There’s this creeping kind of fatigue, he said. If he thought harder about what he heard and saw from his apartment he didn’t think he could live there. The vast turnover of the people with loud voices, louder problems, the small miseries and the daily cruelties. Better to focus on external anxieties, on crises more far-flung, the news. On what he read in books or saw in documentaries. It was easier if he could pretend the tragedy was happening somewhere else.
She touched his hand until he calmed. She said, You think the world is a bad place but you want to be a good man in it.
Yes, he said. The fatigue, the exhaustion, his own mistakes: he’d seen bad things happen in the zone but so far he’d kept his distance, worked to forget what he’d seen. What he was most afraid of was the time when he would be the only one who could help, when there was a choice between letting harm continue and getting involved.
He liked her but it was simpler to talk about the hockey team, the news on television. It was easy to get her to switch topics: she liked him but she loved hockey, and this was the week her team was winning. She filled their table talk with Russian names and American rules and he nodded along and when without warning she asked if he was divorced he was able to say no and let the subject drop.
After the confrontation in the gymnasium he decided he didn’t have to work in the night, didn’t have to live in the darkness. He could live in the distance instead: the distance between inhabited houses, the distance between open schools and working hospitals and still-thriving businesses. The distance between a family sleeping softly on a Saturday morning and the wind clanking a twisted metal door against a doorframe it no longer fit. A single lot could be enough. A single lot bought plenty of looking the other way.
He worked harder in the day so he could spend his evenings with her, and at the table even sitting still his muscles ached. She was the one with the limp but by the time they went to bed he wasn’t standing straight either. One day he noticed her fingernails were a different color every time he saw her. She wore so many shades of lipstick. When he woke up the next morning he saw in the mirror where she’d marked him, the drag of a lip across his stomach, his hip bone. Little she did outlasted his shower but for a moment he remembered. With her, he was getting his color back, began to dress a rack better, again paid a whole price for a whole shirt. He’d kept himself up before but he’d never liked maintenance for its own sake. Now there was a reason.

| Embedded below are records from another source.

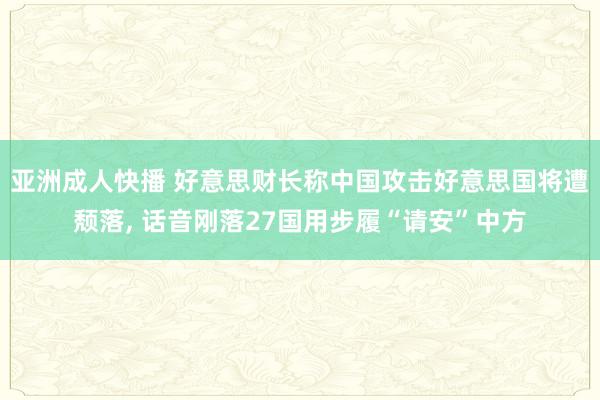 亚洲成人快播 好意思财长称中国攻击好意思国将遭颓落， 话音刚落27国用步履“请安”中方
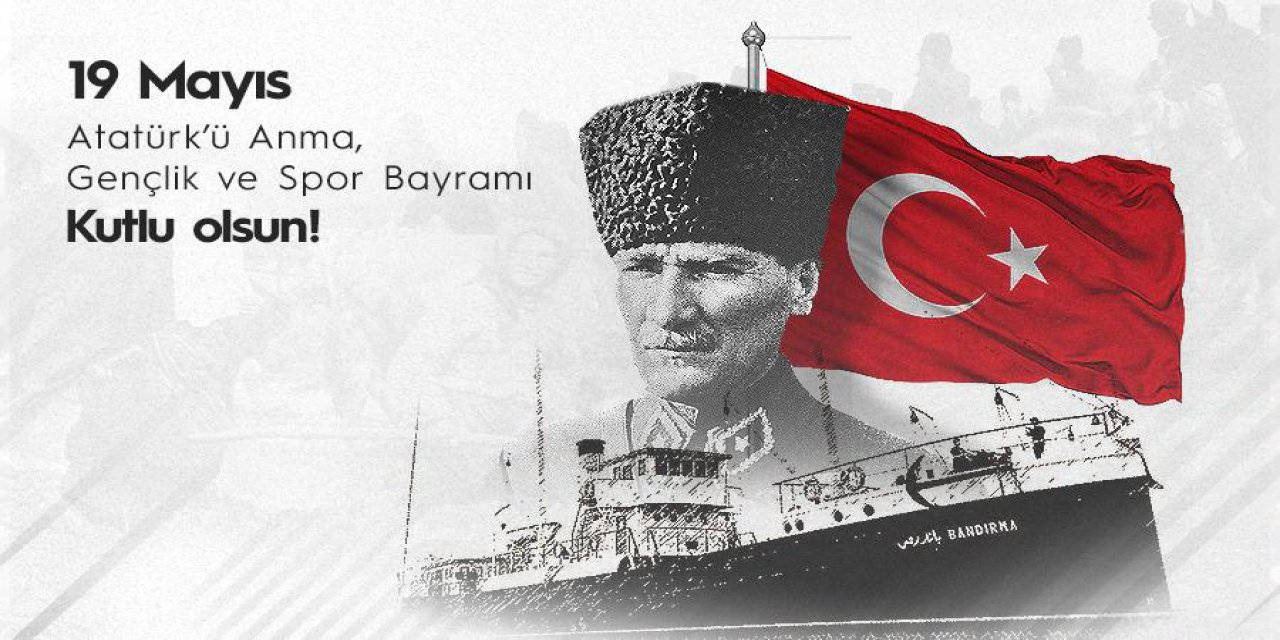 Ünlü İsimlerin 19 Mayıs Atatürk'ü Anma, Gençlik ve Spor Bayramı Paylaşımları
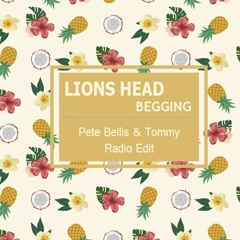 Lions Head - Begging (Pete Bellis & Tommy Radio Edit)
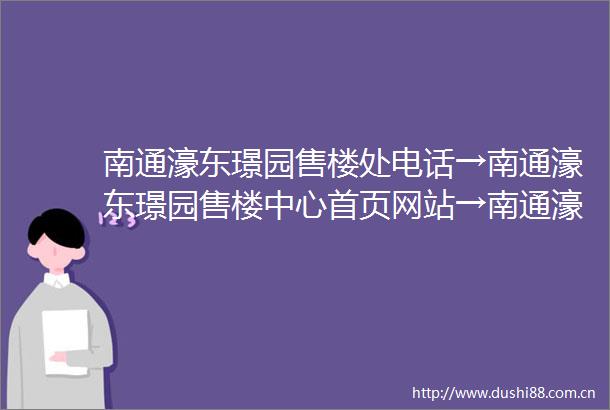 南通濠东璟园售楼处电话→南通濠东璟园售楼中心首页网站→南通濠东璟园楼盘百科详情→24小时电话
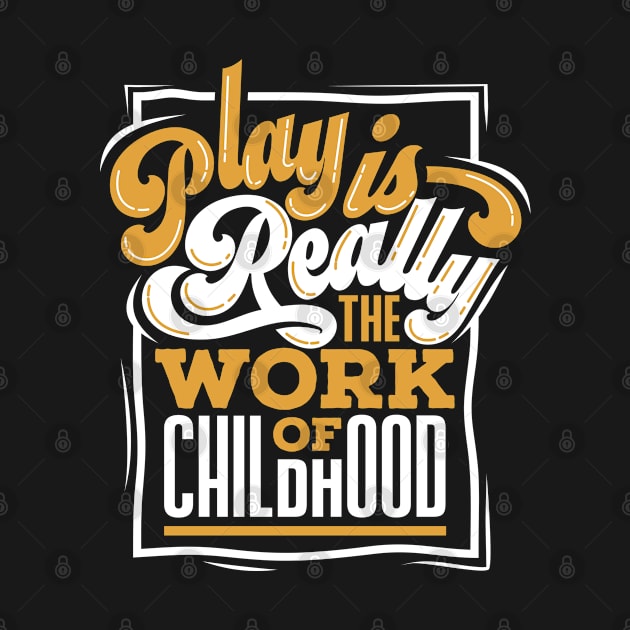 Play is the work of childhood by Teefold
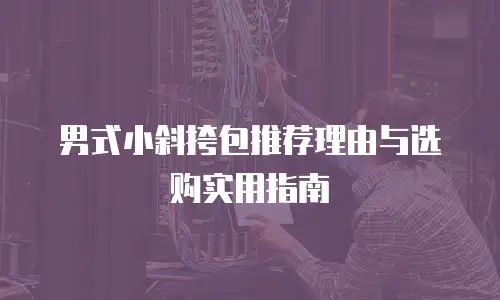 男式小斜挎包推荐理由与选购实用指南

They didn’t go many places he wouldn’t have gone on his own but he was louder in the places they went. He had kept his own company so long their conversations renewed the ringing in his ears. She called him the quiet type. He nodded and she laughed. It was so easy, this beginning. He hoped it lasted a long time. He struggled with the absurdity of middles, and endings happened so fast or violent there wasn’t anything to do but let loose and wait for the impact. He had the kind of blank face women liked least to fight with, his features passive even when he was angriest. Almost every woman he’d ever dated had one day learned to hate it.
They both failed at darts and pool but they celebrated the arcade machines left in their kinds of bars, the residue of an earlier age. With her by his side he got better at moving the frog across the street than when he was a kid but he got worse again as he drank. Then the digital splat and splatter. She couldn’t pilot a spaceship for anything but loved any game with a trackball, analog action making digital moves, the imprecision of desire. Once they played a bowling game inside a bowling alley and he grew irritated when she liked it better than the real thing but she said she preferred wearing her own shoes. She couldn’t wear high heels but he said heels weren’t everything. In another game she spun the ball as hard as she could, then lifted her hand, letting fate take over for control. It didn’t save her life but he could buy her three more for a quarter.